This isn’t what he’s always done – I met him at work doing what most people would describe as a perfectly respectable job, and on the side he’d play a bit of poker. 10 years and 2 children later, my husband is a full time gambler and co-owns educating and advising on how to gamble responsibly for positive expected value.

I write this blog as a result of questions and feedback I’ve had over the last 3 years, and to share the other side of this story – what is it really like when your partner makes a living out of something that most people consider to be an unacceptable and irresponsible risk.

When we first told people that he was going to quit his job to do this full time, I was mostly met with a mixture of surprise, and occasional incredulity. We worked for the same company and knew the same people – many of whom saw my husband as a bit of a wildcard and me as the sensible one.

His dad also had some strong thoughts on the matter, and on his last day at work, kept saying to him “I’m sure if you went back in now and told them you’d changed your mind, they’d take you back”. This has been a surprisingly common theme over the last few years, with people often asking me when my husband will be returning to “the real world”.

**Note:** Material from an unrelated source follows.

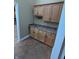 Mud room includes cabinetry, granite countertop, sink, and tile floor at 9640 Bramblewood Way, Carmel, IN 46032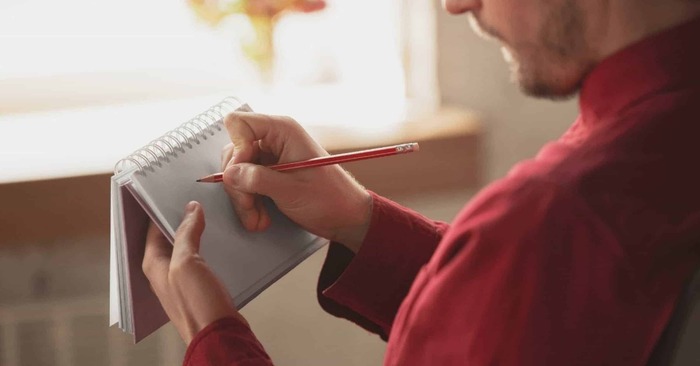 writing things down close up of a man with red shirt in front of a window writing down notes in a notebook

A brief timeline to put this all into context – 3 years ago when our daughter was born, my husband spent most of his week on the road commuting from our home in Worcestershire to a job on the outskirts of London. The job was incredibly complex and he did get a good amount of job satisfaction from it. However, as many parents will recognise, he really only saw our child at the weekend when he was absolutely exhausted, and he started to feel like he was missing out.

A few years before this he had started to dabble in advantage betting, and as his interest and success started to grow, we started to be able to save some serious cash. In fact, he started to earn more in this side project than he did from his day job.

He decided after I went back to work from maternity leave that he wanted a go at full time parenting/gambling and was granted a 9 month sabbatical. At the end of the 9 months he was unrecognisable – he’d lost about 3 stone in weight, his relationship with our daughter had become something really beautiful to see and he was generally a lot happier. So, we took the decision that instead of going back to work, he would give his side project a bigger go and see how it all worked out.

Suffice to say, 3 years down the line and we’re really glad to have made this change.

However, the truth is that there are disadvantages to this situation. My husband is an absolute workaholic who if left to his own devices would work 24 hours a day. He does experience losing runs (of course he does, he’s gambling) which results in some pretty extreme mood swings at times.

I’ve had to get used to sudden bouts of penny pinching behaviour which follow that mood pattern, and I’ve had to find a way of rising above it and not joining him in the all consuming panic of a crappy weekend in sport.

Additionally, we now have 2 very small children whose bedtime coincides with kick off time – meaning that I am often trying to mix some formula for a screaming baby while quelling a tantrum from the 3 year old because her imaginary friend Terry can’t find her pyjamas (this is a genuine thing that happens), and locating this evening’s required bedtime teddy bear while my husband is yelling at the betting exchange because his lay hasn’t been registered. All part of the rich tapestry of life.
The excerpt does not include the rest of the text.